Arthur Whately couldn’t suppress a slight groan.

“That was very precipitate of you,” he said. “What was the gentleman like? Was it—a stout, dark-faced gentleman with yellowish hair and—and probably a fur coat?”

“No, sir, a clean-shaven gentleman with a sharp sort of face.”

“Not Peebles,” said Whately to himself, as he skimmed out of the shop. “It may still only be a coincidence.”

The shop of Danish china was open, and again he told his lame and unconvincing tale. Here again the fever for gold had run riot yesterday afternoon, and a gentleman with a big moustache had taken five sovereigns and left a bank-note. And his scuttling footsteps took him to the aseptic hairdresser’s.

“I am fighting single-handed against a positive gang of these wretches,” was his bitter comment.

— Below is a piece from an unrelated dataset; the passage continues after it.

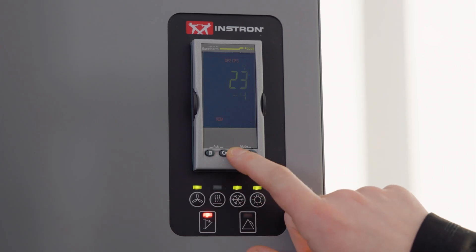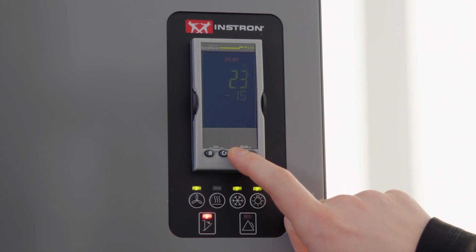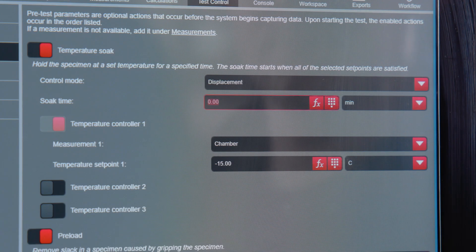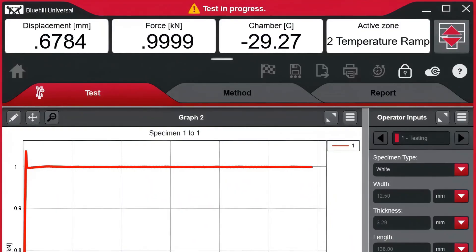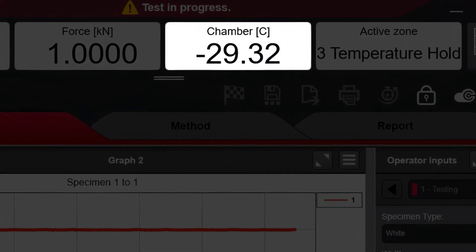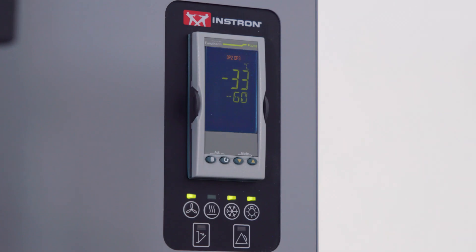There are two ways to select the set point temperature. One way is with the temperature controller on the chamber. The other is to set the temperature in the Instron software, which allows you to create a test that will ramp to a set point temperature and pre-soak for a designated period of time. It's also possible to set temperature ramps and holds within a test method. The live temperature display makes it easy to monitor the temperature throughout the test, ensuring precise and accurate temperature control for all your non-ambient testing.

But the aseptic hairdresser’s was still shut, and after ringing several wrong bells belonging to different floors, he gave up in despair and went home to the mocking splendour of No. 93. A fresh-faced stable-boy was just laying down the straw in the street, whistling as he plied his nimble pitchfork. Whately wondered whether he would ever whistle again.

For an hour he sat there lost in a scorching desert of barren thought. Visions of oakum and broad arrows flitted through his disordered mind, and every now and then he came to himself as some fresh circumstance of dawning significance rapped on his brain.

Once he hurried upstairs, remembering that the awful attire of George Loring still lurked in a locked cupboard of his bedroom, and he took the criminal’s coat and stuffed it in the fire in his sitting-room, with the intention of burning all that costume which had seemed so exquisitely humorous. But the coat seemed impervious to flames, and it was not till a quarter of an hour later that he came downstairs again with roasted face. Even then there were trousers and shirt and patent leather boots to get rid of, and trouser buttons and the base metal of his gorgeous tie-pin would be found amid the ashes. And even when it was all done, he would only have destroyed one thread of evidence, leaving a network of imperishable circumstance unimpaired.

Truly there was a dark side to the game on which he had so lightly embarked, which the callous world could not ever so faintly appreciate, or would probably but imperfectly sympathize with even if it did.